Una vittima della crisi edilizia. Si chiamava Giampiero, aveva 51 anni, ed era il titolare di una piccola impresa di costruzioni di Mombaroccio, uno di quegli artigiani che vivevano grazie alla propria ditta individuale.

Come scrive il corriereadriatico.it, da tempo le cose avevano preso una brutta china, iniziando a scavare nell’animo dell’uomo una preoccupazione crescente. La moglie aveva notato questo crollo dell’umore e quando lunedì non ha visto il marito rientrare in casa, non ha esitato e ha dato l’allarme rivolgendosi in serata ai carabinieri di Mombaroccio, per denunciare la scomparsa del marito. Sono ore di apprensione, che non danno risposte immediate, fino a quando il cellulare dello scomparso aggancia la cella telefonica di Tavernelle/Orciano/Isola del Piano.

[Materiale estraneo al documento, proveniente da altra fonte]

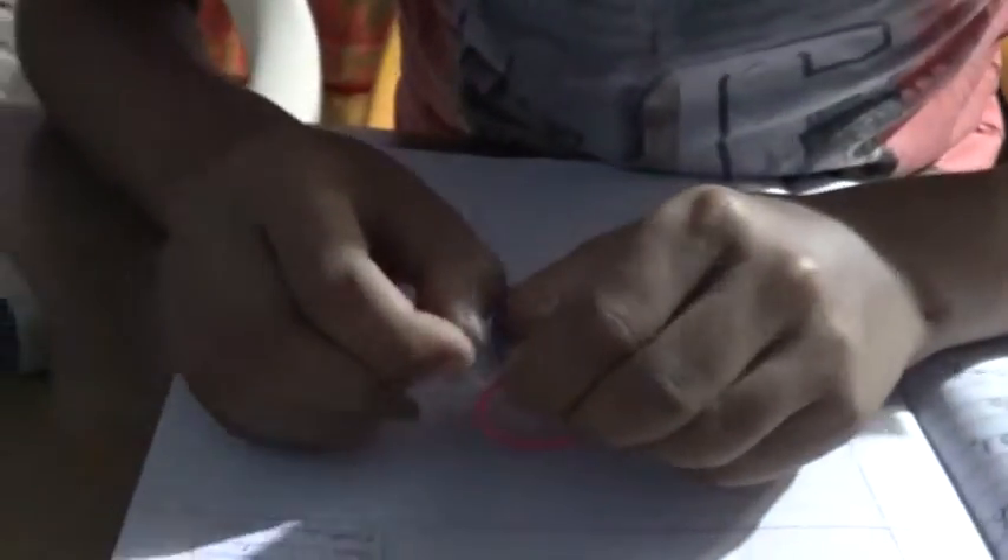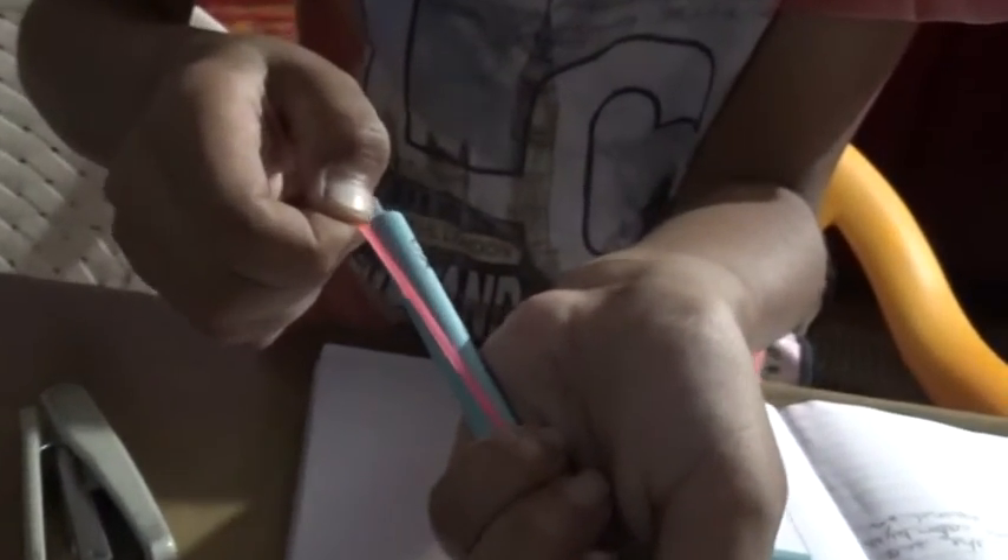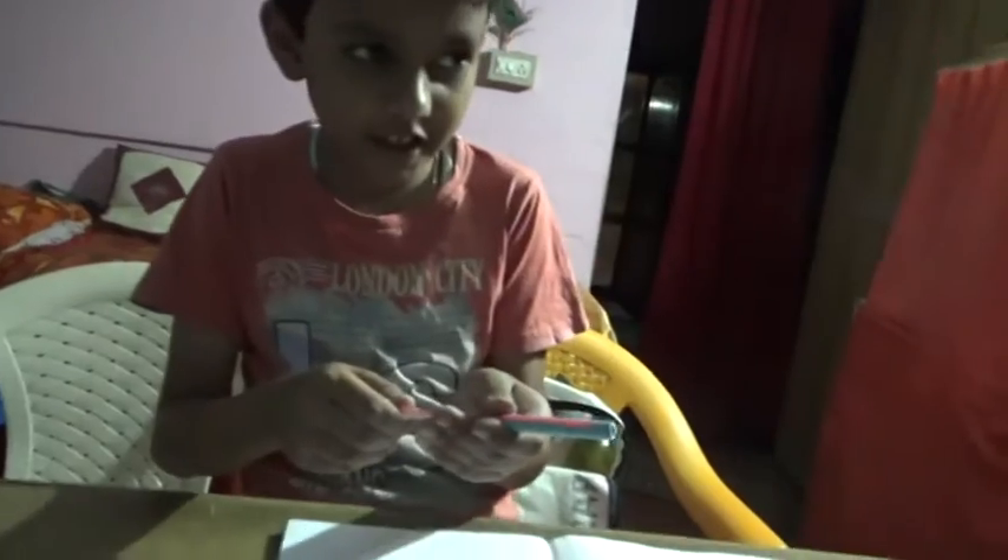Now we want to cut this. Now this one we want to open. And put this here. And connect the rubber band to refill. And see now this will fly. Steady. Do you remember that?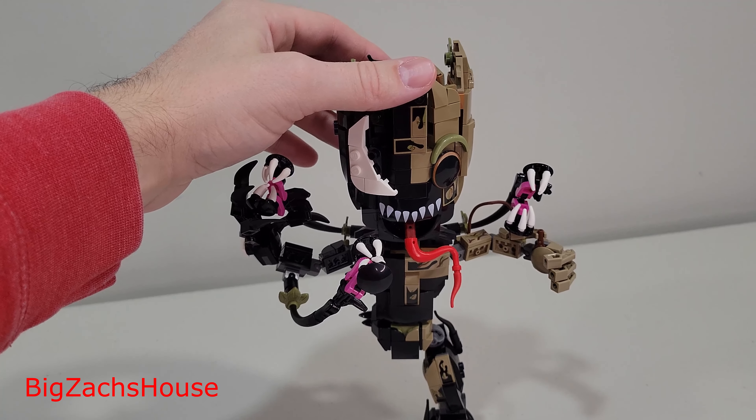A quick review of the new LEGO Marvel Venomized Groot, set number 76249, 630 pieces.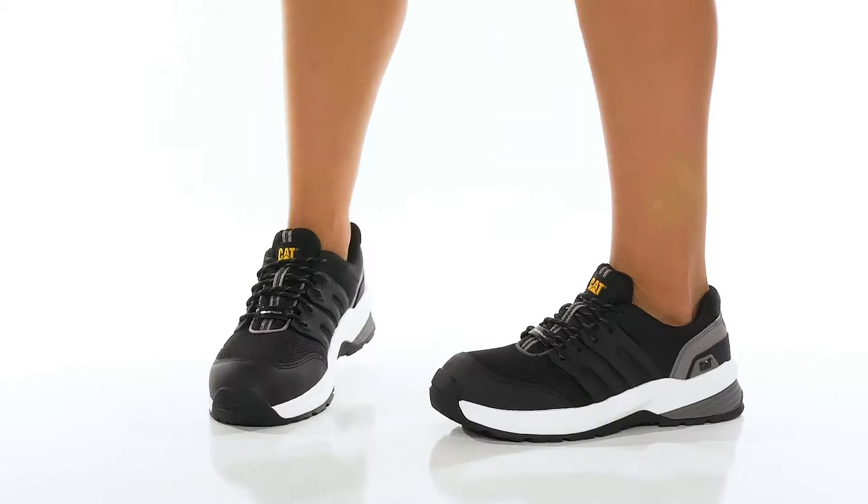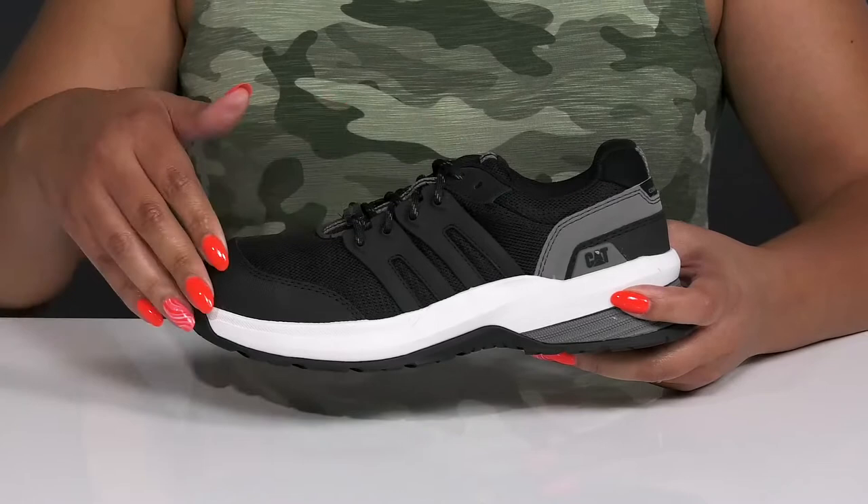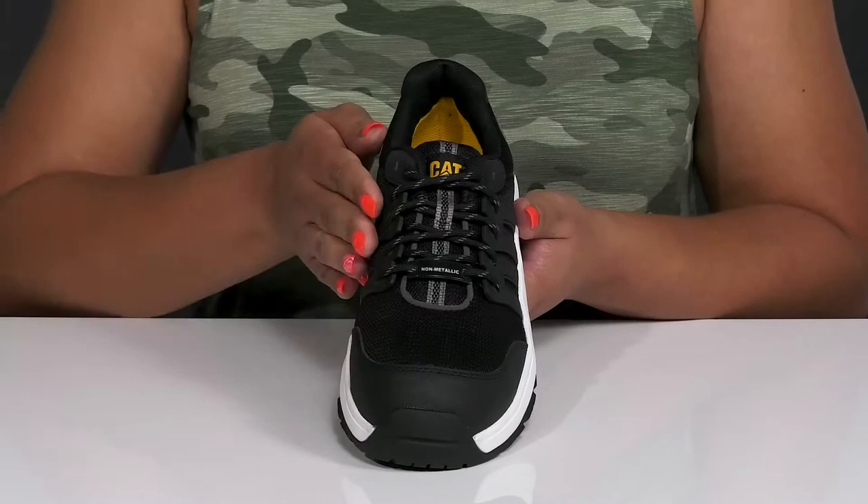Take your steps with safety and confidence wearing these work shoes by Caterpillar. They feature a textile and synthetic upper with a functional lace-up closure to give you a secure and custom fit. They have a composite safety toe for added protection and durability, and the overall construction is non-metallic to keep you nice and safe.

Ieri mattina la scoperta del corpo, in un casolare abbandonato a Tavernelle di Serrungarina, un luogo scelto dal piccolo imprenditore per una ragione precisa: l’uomo avrebbe dovuto lavorare alla ristrutturazione di quel casale, ma poi il lavoro è sfumato e quella costruzione decadente è diventata il teatro dell’ultimo atto, una morte per impiccagione. Nella sua automobile, l’uomo ha lasciato un messaggio scritto di suo pugno, in cui spiega il gesto.